I have a Panadas dataframe that looks like this:

df = pd.DataFrame({
'a':[['Often'],['Not Often','Not Often','Often'],['Somewhat Often','Never']],
'b':[['j0003'],['j0002','j0005', 'j0006'],['j0009','j0010']],
'c':[['jump'],['skip', 'throw', 'stab'],['walk','sleep']]
})

I want to merge the columns of this dataframe such that we have a single column that has each row with a list of tuples. The length of each row's list varies.

         Merged_Column

0        [('Often','j0003','jump')]
1        [('Not Often','j0002','skip'),('Not Often', 'j0005','throw'),('Often','j0006','stab')]
2        [('Somwhat Often','j0009','walk'),('Never','j0010','sleep')]

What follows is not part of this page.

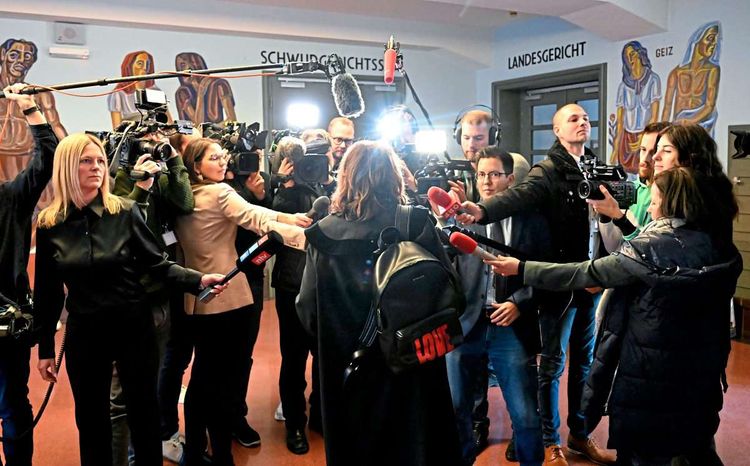 Verteidigerin Astrid Wagner umringt von Fernsehteams im Landesgericht Krems.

I've tried the following code, with the same data sourcing from lists:

lst1 = [['Often'],['Not Often','Not Often','Often'],['Somewhat Often','Never']]
lst2 = [['j0003'],['j0002','j0005', 'j0006'],['j0009','j0010']]
lst3 = [['jump'],['skip', 'throw', 'stab'],['walk','sleep']]

merged = []
while x<len(lst1):
    for i in range(len(lst1[x])):
        merged.append((lst1[x][i], lst2[x][i], lst3[x][i]))
    x+=1

which results in the following structure (when we call merged):

[('Often','j0003','jump'), ('Not Often', 'j0002','skip'),('Not Often','j0005','throw'),
('Often','j0006','stab'), ('Somewhat Often','j0009','walk'),('Never','j0010','sleep')]

Thing is, I need an extra level of structure in here, so that instead of getting a list of length 6, I get a list of length 3.

[[('Often','j0003','jump')],[('Not Often','j0002','skip'),('Not Often', 'j0005','throw'),
('Often','j0006','stab')],[('Somwhat Often','j0009','walk'),('Never','j0010','sleep')]]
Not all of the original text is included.